Addressing the Growing Demand for Allergen-Free Dining



Last New Year’s Day, an 11-year-old boy died tragically in Brooklyn, N.Y., apparently from inhaling the fumes rising off the fish his grandmother was cooking. At the time, health officials pointed out that such an incident is extremely rare, but it illustrates how important it is for anyone involved in food preparation to understand the risks of food allergies.

Beatrice Povolo, director of Advocacy and Media Relations for the organization Food Allergy Canada, says more than 2.6 million Canadians — roughly 7.5 per cent — report at least one food allergy. A national U.S. study released last January by Lurie Children’s Hospital and Northwestern University found food allergies are rising, with about 10.8 per cent of U.S. adults affected — double the proportion found in previous studies.

Consequences of being exposed to an allergen range from skin irritations, such as hives, to difficulty breathing, digestive upset and lowering of blood pressure. The most severe form of reaction, known as anaphylaxisis, can be fatal. Food Allergy Canada currently lists peanuts, tree nuts, milk, eggs, fish, wheat, sesame, soy, mustard, mollusks (including clams, oysters, snails and squid), crustaceans (such as shrimp, crab and lobster) and sulphites (used as a food additive) as the most common allergens. In addition, some diners have intolerances or sensitivities to food compounds such as gluten or milk.

“It’s a very serious topic, one not to take lightly,” says Anesie Johnson-Smith, VP of Marketing for Service Inspired Restaurants (SIR Corp.), whose brands include Jack Astor’s Bar & Grill, Canyon Creek and Scaddabush Italian Kitchen & Bar. SIR Corp. requires all servers to be trained on food allergies.

“The most important thing for people in foodservice to know,” says Povolo, “is that a food allergy is a medical condition that must be taken seriously, because, unfortunately, even a small amount of an allergen can cause a severe reaction.”
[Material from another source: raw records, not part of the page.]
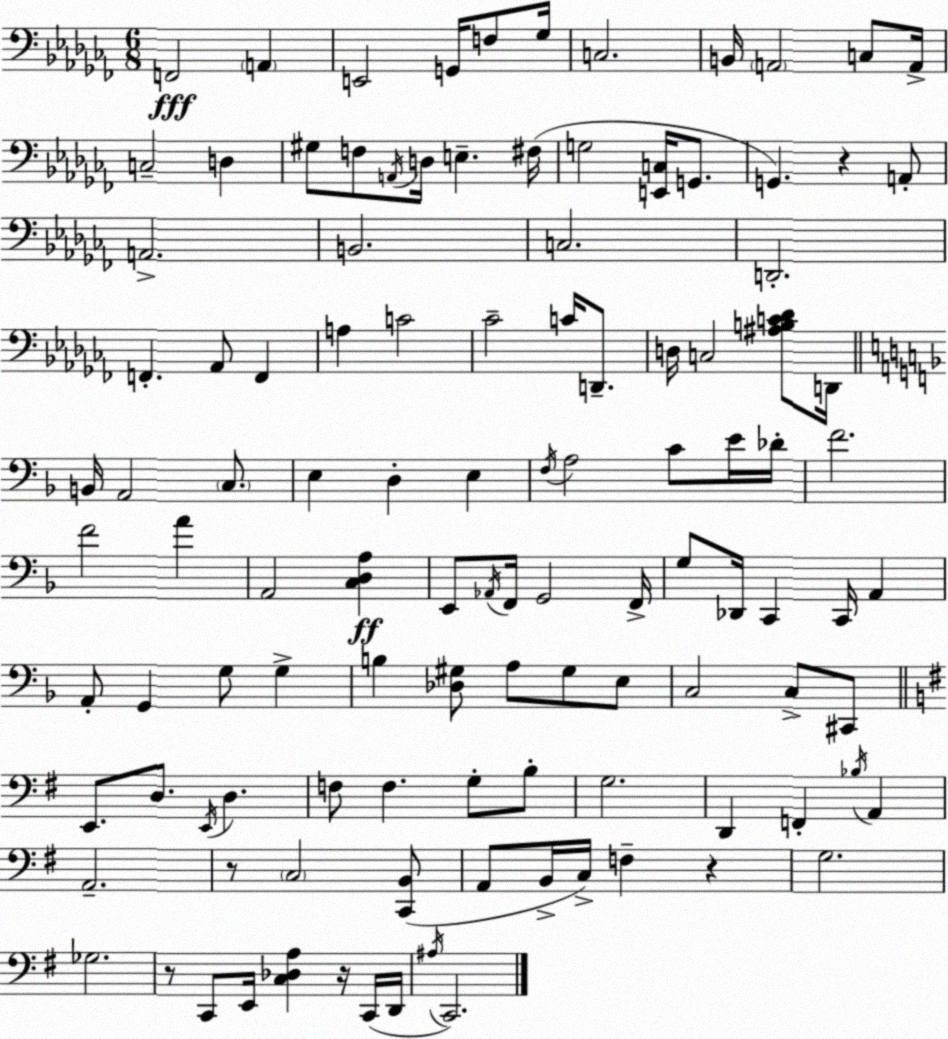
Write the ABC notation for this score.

X:1
T:Untitled
M:6/8
L:1/4
K:Abm
F,,2 A,, E,,2 G,,/4 F,/2 _G,/4 C,2 B,,/4 A,,2 C,/2 A,,/4 C,2 D, ^G,/2 F,/2 A,,/4 D,/4 E, ^F,/4 G,2 [E,,C,]/4 G,,/2 G,, z A,,/2 A,,2 B,,2 C,2 D,,2 F,, _A,,/2 F,, A, C2 _C2 C/4 D,,/2 D,/4 C,2 [^A,B,C_D]/2 D,,/4 B,,/4 A,,2 C,/2 E, D, E, F,/4 A,2 C/2 E/4 _D/4 F2 F2 A A,,2 [C,D,A,] E,,/2 _A,,/4 F,,/4 G,,2 F,,/4 G,/2 _D,,/4 C,, C,,/4 A,, A,,/2 G,, G,/2 G, B, [_D,^G,]/2 A,/2 ^G,/2 E,/2 C,2 C,/2 ^C,,/2 E,,/2 D,/2 E,,/4 D, F,/2 F, G,/2 B,/2 G,2 D,, F,, _B,/4 A,, A,,2 z/2 C,2 [C,,B,,]/2 A,,/2 B,,/4 C,/4 F, z G,2 _G,2 z/2 C,,/2 E,,/4 [C,_D,A,] z/4 C,,/4 D,,/4 ^A,/4 C,,2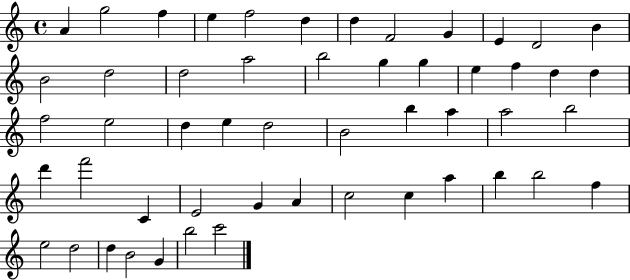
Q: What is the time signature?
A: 4/4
“Due to the risks faced by allergic consumers, there is a growing market for allergen-safe food,” says Restaurants Canada’s Food Allergies: A guide for restaurants. The investment in setting up a food-allergy system can pay off in the loyalty of diners dealing with allergies, while it attracts those who simply want to know more about the ingredients.

“This is a very loyal group of consumers,” says Povolo. “Once they have a certain comfort level, these are repeat customers.”

At Sir Corp., servers are trained to contact a manager when they identify a guest with a food allergy or intolerance. After determining the severity of the allergy, the manager then assists the guest in selecting menu items and personally communicates with the kitchen. An “allergy kit” (sanitized cutting board, knife, tongs and gloves) is used to prepare the food. Common allergens, such as peanuts and croutons, are kept on the expo side rather than on the line, to reduce chances for cross-contamination.

“We also have dedicated gluten-free fryers,” says Johnson-Smith. “Yes, there’s a little bit of upfront work that goes into it, but it’s worth it — the trust our guests put in us speaks volumes about that.”

As parents of children with severe food allergies, Pauline Oseña and Matt Gauvin decided to open their own allergy-aware fast-casual restaurant and bakery, Hype Food Co., in Toronto’s Leslieville neighbourhood. Their kitchen is free from major allergens; ingredients are stored and handled with care to avoid cross-contamination; and the build-your-own-meal concept makes it easy for guests to customize orders.

“We get people with food allergies, probably daily, but the majority of our regular business is the locals around who want to eat healthy,” Oseña says. “I certainly think there’s a growing market.”